(TO DO)
Report each line below that carries the word "image".

________________

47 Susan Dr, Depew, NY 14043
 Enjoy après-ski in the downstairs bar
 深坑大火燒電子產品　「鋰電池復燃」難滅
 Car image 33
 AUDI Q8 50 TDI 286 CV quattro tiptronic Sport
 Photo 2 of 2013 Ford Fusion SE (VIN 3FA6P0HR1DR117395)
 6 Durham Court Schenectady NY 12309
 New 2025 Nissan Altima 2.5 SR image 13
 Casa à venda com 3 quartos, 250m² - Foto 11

________________

(RESULT OF THIS EXERCISE)
 Car image 33
 New 2025 Nissan Altima 2.5 SR image 13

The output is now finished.